A starter set of examples for writing Google Cloud Dataflow programs using Cloud Bigtable.
- Follow the Cloud Dataflow getting started instructions. (if required) Including:
- Create a project
- Enable Billing
- Enable APIs
- Create a Google Cloud Storage Bucket
- Development Environment Setup
- Install Google Cloud SDK
- Install Java
- Install Maven
- You may wish to also Run an Example Pipeline
- Create a Cloud Bigtable cluster using the Developer Console by clicking on the Storage > Cloud Bigtable > New Instance button. After that, enter the Instance name, ID, zone, and number of nodes. Once you have entered those values, click the Create button.
- Using the Developer Console click on Storage > Cloud Storage > Browser then click on the Create Bucket button.

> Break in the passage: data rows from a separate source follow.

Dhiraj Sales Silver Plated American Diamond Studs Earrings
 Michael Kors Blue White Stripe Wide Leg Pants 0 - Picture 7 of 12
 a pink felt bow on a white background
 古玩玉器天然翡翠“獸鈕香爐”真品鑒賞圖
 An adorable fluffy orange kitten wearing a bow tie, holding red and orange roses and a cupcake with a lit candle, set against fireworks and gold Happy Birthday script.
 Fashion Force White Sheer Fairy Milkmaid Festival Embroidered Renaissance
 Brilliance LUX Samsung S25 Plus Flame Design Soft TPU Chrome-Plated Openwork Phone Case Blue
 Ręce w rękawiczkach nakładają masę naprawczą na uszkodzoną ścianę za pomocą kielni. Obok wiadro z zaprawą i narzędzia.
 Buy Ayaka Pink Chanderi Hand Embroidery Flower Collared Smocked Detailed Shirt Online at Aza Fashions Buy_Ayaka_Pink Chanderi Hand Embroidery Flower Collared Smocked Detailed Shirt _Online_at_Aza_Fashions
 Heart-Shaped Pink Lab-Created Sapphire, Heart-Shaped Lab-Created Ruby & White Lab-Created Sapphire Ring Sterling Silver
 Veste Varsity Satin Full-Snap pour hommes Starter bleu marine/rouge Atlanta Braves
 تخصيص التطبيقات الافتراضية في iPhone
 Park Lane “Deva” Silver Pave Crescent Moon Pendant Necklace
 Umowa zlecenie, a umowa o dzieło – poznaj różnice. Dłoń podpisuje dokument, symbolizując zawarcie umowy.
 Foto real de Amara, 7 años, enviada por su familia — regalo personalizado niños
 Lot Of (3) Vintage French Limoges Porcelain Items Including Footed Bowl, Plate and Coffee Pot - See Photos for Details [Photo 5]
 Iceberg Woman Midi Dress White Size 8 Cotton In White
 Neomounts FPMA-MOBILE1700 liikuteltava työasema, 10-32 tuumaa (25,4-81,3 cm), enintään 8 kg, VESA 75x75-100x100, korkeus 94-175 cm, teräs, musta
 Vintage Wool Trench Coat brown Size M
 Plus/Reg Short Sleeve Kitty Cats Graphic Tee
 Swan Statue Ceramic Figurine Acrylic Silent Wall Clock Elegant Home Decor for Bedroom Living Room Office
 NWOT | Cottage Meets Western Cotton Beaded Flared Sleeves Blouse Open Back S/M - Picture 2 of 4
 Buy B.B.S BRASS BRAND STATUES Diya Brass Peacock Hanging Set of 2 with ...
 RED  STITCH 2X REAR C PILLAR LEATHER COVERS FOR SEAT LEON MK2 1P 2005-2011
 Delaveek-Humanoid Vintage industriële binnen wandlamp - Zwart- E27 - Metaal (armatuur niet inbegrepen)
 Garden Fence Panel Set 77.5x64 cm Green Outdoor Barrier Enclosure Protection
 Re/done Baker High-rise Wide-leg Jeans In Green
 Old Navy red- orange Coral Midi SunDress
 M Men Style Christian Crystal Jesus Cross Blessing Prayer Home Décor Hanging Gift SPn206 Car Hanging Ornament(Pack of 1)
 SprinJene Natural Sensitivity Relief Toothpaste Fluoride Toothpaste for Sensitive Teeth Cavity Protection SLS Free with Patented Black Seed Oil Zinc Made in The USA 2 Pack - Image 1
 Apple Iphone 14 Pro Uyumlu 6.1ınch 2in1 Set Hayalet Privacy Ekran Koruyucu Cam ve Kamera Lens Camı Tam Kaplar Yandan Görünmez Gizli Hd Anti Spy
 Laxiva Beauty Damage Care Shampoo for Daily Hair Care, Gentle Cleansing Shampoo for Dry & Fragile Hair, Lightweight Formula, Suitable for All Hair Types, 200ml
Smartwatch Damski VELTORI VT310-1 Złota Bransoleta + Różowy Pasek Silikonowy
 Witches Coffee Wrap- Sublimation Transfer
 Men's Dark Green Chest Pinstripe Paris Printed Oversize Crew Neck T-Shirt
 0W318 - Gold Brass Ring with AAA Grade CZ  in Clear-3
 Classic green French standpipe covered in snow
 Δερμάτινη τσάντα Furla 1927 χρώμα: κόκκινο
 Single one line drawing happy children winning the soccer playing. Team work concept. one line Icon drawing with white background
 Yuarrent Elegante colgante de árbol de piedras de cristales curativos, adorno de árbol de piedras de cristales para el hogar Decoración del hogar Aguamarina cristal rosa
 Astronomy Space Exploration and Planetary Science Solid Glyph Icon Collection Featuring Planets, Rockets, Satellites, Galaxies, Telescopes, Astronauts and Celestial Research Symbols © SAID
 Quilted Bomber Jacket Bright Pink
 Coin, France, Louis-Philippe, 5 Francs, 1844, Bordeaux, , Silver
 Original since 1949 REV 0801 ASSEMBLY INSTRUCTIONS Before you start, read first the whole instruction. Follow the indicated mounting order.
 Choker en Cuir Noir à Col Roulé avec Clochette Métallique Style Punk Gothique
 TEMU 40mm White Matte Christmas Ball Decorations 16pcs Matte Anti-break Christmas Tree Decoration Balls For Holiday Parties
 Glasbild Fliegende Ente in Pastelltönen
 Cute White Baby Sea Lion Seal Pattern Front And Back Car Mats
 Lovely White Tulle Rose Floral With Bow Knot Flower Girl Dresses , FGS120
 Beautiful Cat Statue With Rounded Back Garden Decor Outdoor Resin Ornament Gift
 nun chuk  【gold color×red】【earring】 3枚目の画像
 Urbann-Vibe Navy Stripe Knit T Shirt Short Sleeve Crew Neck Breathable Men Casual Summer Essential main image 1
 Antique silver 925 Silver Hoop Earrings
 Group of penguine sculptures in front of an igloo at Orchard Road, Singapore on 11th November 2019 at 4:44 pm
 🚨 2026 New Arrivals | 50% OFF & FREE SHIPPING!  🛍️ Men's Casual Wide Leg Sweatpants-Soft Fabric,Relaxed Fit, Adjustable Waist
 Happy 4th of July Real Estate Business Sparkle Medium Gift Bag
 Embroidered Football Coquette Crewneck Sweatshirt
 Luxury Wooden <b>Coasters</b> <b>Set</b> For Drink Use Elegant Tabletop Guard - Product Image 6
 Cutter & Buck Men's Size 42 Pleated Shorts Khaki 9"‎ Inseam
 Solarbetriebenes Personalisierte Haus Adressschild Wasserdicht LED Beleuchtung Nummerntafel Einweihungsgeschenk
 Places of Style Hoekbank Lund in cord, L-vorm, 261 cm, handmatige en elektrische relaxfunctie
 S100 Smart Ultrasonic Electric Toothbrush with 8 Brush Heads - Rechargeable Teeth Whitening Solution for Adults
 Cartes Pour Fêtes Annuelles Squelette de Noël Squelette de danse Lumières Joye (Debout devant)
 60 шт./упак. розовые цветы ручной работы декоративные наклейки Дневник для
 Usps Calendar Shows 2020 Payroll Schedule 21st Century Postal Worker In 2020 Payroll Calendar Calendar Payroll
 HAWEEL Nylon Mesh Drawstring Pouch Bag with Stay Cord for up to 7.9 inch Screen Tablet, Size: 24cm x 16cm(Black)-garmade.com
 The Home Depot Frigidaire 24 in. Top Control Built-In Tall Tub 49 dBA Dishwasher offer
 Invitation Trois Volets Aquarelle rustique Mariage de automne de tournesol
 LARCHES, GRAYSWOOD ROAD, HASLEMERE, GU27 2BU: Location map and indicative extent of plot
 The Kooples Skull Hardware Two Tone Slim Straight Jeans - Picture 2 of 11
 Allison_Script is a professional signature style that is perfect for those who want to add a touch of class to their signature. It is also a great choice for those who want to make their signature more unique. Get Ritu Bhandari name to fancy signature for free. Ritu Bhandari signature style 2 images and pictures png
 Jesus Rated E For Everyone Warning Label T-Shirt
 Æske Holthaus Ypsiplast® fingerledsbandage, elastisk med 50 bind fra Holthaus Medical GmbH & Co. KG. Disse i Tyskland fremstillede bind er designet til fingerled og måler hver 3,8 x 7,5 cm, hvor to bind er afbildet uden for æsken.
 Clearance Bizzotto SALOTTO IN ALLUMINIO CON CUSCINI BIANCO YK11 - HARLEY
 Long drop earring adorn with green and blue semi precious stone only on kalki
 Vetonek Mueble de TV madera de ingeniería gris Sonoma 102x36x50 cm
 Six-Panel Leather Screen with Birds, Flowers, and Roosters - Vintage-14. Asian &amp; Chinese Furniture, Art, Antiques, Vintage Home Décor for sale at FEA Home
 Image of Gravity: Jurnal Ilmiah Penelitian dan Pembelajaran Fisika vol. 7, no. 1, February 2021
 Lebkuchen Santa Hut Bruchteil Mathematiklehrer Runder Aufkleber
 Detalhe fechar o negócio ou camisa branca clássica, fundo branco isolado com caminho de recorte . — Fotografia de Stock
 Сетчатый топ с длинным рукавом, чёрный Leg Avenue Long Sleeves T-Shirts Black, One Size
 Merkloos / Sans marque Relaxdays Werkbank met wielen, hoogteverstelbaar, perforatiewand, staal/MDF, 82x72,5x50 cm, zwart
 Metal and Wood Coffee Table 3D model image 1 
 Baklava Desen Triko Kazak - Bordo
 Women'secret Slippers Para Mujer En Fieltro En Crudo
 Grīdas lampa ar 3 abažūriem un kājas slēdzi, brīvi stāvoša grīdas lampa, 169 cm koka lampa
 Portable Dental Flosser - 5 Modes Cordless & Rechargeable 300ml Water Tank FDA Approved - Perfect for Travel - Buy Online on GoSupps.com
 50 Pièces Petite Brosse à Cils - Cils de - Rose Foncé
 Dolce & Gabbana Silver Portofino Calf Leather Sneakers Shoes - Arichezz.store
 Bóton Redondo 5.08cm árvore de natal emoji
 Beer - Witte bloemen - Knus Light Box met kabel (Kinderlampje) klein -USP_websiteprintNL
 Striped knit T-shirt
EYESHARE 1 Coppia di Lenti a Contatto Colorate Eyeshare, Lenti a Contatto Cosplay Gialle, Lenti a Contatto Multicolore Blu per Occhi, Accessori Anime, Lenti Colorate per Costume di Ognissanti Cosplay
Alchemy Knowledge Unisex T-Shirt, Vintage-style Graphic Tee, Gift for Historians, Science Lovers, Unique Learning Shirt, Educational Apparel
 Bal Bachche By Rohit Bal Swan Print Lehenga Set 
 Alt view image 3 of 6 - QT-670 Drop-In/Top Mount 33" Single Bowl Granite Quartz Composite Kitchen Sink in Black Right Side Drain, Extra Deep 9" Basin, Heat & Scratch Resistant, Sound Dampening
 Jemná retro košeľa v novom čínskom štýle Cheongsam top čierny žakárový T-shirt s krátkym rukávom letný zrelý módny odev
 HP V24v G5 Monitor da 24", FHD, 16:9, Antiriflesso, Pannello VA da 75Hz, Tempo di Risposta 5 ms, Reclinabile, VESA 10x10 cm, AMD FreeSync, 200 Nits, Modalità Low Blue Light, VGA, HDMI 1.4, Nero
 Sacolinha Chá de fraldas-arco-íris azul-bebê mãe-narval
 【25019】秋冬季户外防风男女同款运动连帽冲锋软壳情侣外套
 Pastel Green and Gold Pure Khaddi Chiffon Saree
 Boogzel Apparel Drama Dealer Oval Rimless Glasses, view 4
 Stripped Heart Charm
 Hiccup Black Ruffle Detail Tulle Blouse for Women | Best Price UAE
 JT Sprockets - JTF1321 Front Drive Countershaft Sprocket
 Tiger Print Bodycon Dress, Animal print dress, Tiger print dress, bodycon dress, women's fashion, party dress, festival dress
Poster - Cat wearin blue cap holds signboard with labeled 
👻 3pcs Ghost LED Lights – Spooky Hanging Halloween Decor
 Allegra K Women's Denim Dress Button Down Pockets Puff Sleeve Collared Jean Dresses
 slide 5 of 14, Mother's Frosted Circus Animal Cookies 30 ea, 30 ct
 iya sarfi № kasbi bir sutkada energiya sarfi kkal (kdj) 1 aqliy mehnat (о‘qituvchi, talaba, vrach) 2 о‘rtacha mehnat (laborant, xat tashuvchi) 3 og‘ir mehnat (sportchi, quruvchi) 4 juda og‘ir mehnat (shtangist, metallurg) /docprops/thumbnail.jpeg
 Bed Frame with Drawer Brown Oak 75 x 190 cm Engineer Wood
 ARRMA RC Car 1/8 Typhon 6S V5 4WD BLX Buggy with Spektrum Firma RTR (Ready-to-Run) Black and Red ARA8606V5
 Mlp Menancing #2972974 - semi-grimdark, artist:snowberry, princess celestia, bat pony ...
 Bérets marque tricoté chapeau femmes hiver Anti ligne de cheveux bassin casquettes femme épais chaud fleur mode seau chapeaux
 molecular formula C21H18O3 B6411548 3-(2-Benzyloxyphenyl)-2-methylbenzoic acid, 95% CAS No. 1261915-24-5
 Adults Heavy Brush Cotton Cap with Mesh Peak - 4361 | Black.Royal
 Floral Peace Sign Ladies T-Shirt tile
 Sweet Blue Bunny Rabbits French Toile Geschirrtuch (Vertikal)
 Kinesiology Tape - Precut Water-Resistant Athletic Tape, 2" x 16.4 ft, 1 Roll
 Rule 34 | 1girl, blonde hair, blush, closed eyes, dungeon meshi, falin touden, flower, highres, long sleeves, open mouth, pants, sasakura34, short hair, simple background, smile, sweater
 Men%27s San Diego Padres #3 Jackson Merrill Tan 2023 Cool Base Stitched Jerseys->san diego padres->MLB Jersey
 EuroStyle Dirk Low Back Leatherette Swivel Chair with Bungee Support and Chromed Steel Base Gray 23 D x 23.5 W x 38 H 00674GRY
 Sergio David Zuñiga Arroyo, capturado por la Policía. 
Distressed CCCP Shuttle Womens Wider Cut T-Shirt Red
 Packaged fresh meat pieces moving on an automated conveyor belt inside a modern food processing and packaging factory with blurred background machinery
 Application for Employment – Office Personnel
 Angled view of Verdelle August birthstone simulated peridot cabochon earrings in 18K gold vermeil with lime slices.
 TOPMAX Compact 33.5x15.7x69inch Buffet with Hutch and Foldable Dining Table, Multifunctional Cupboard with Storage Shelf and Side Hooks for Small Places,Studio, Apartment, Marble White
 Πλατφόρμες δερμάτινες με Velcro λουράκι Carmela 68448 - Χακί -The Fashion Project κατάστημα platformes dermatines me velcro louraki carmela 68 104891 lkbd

You will need a globally unique name for your bucket, such as your projectID.
This step is required for the Pub / Sub sample.
- Using the Developer Console click on Bigdata > Pub/Sub, then click on the New topic button. 'shakes' is a good topic name.
-
Using the HBase shell
create 'Dataflow_test', 'cf'
Note - you may wish to keep the HBase shell open in a tab throughout.
This pipeline needs to be configured with four command line options for Cloud Bigtable:
-Dbigtable.projectID=<projectID>
- this will also be used for your Dataflow projectID-Dbigtable.instanceID=<instanceID>
-Dgs=gs://my_bucket
- A Google Cloud Storage bucket.
Optional Arguments
-Dbigtable.table=<Table to Read / Write>
defaults to 'Dataflow_test'
The HelloWorld examples take two strings, converts them to their upper-case representation and writes them to Bigtable.
HelloWorldWrite does a few Puts to show the basics of writing to Cloud Bigtable through Cloud Dataflow.
mvn package exec:exec -DHelloWorldWrite -Dbigtable.projectID=<projectID> -Dbigtable.instanceID=<instanceID> -Dgs=<Your bucket>
You can verify that the data was written by using HBase shell and typing scan 'Dataflow_test'
. You can also remove the data, if you wish, using:
deleteall 'Dataflow_test', 'Hello'
deleteall 'Dataflow_test', 'World'
SourceRowCount shows the use of a Bigtable Source - a construct that knows how to scan a Bigtable Table. SourceRowCount performs a simple row count using the Cloud Bigtable Source and writes the count to a file in Google Storage.
mvn package exec:exec -DSourceRowCount -Dbigtable.projectID=<projectID> -Dbigtable.instanceID=<instanceID> -Dgs=<Your bucket>
You can verify the results by frist typing:
gsutil ls gs://my_bucket/**
There should be a file that looks like count-XXXXXX-of-YYYYYY. Type:
gsutil cp gs://my_bucket/count-XXXXXX-of-YYYYYY .
cat count-XXXXXX-of-YYYYYY